Mr. Argott also doesn’t feign disinterest. As its title suggests, “The Art of the Steal” is nothing if not agenda-driven, having been paid for by a former foundation student, Lenny Feinberg, who — to quote the movie’s notes — “initiated, funded and was intimately involved in the making of ‘The Art of the Steal.’ ” That partisanship helps explain the movie’s vibrancy and sense of urgency. Construction on a new central Philadelphia home for the foundation began last year, and some galleries in the original building have already been closed for the expected move in 2012. Although a judge in 2008 refused to consider a request for a new hearing by opponents of the move, the fight continues off the screen and, now, on.

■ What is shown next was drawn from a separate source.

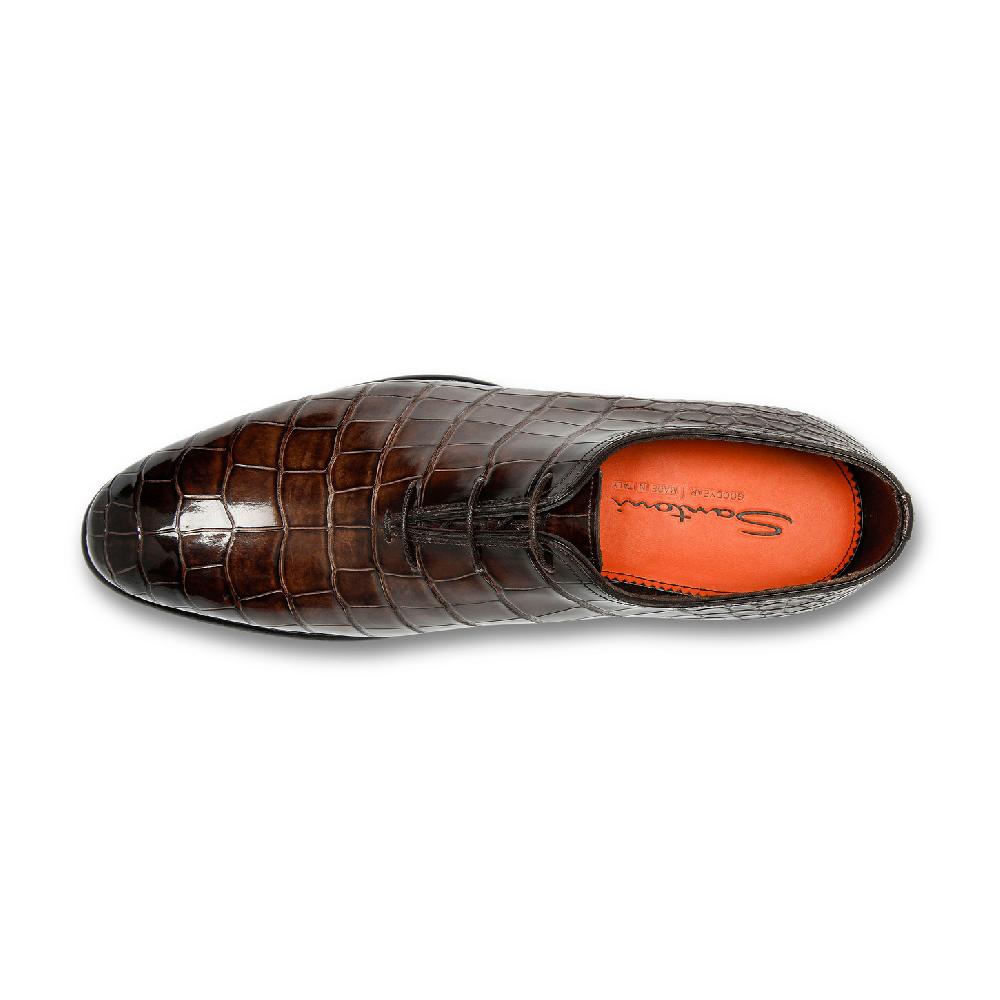 Santoni Stringata oxford da uomo in alligatore testa di moro Promozione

But while its bias enlivens the movie — nothing perks up talking heads like outrage — it eventually also weakens it. “The Art of the Steal” features loads of smart, witty, elegant tastemakers and cultural elites, including Christopher Knight, the art critic for The Los Angeles Times, and Julian Bond, the civil rights activist whose father once ran Lincoln University, the historically black institution to which Barnes willed control of his foundation. Both Mr. Knight and Mr. Bond have interesting things to say about the collection, its complex history and scandalous present. But because of how Mr. Argott has pieced together his movie, or, more precisely, constructed his argument — pitting critics and curators against less persuasive figures, like Pennsylvania’s bullish governor, Edward G. Rendell — these distinctive voices soon blur.
That’s too bad because surely there are more nuanced arguments for the move than those found here, which could only strengthen the documentary, saving it from caricature. At times the fight comes across as a smackdown between art snobs who want to preserve Barnes’s right to exhibit his masterworks however he wanted because, well, he paid for them (a curiously underexamined refrain), and vulgarians who want to turn his patrimony into tourist bait along with the Liberty Bell and an actor in a Ben Franklin getup. What remains unanswered, finally, is the larger question of whether deep pockets ensure custodial rights forever.
Even so, though Mr. Argott stacks the deck heavily, and while his movie is, like many documentaries these days, overly indebted to Errol Morris (enough with the Philip Glass already), “The Art of the Steal” is often very fine. Serving as his own cinematographer and working with the editors Demian Fenton and Judah-Lev Dickstein, Mr. Argott marshals a wealth of archival and new material, expertly weaving interviews together with still photographs, home movies, television reports, newspaper clippings and even charts. One weakness is the too-brief, tantalizing peeks inside the Barnes. Yet, like the movie as a whole, this limitation comes with dividends: it made me want to hop on a plane to Philadelphia as soon as possible to see the original before it’s emptied.
THE ART OF THE STEAL
Opens on Friday in New York and Philadelphia.
Directed by Don Argott; director of photography, Mr. Argott; edited by Demian Fenton; associate editor, Judah-Lev Dickstein; music by West Dylan Thordson; produced by Sheena M. Joyce; released by IFC Films/Sundance Selects. Running time: 1 hour 41 minutes. This film is not rated."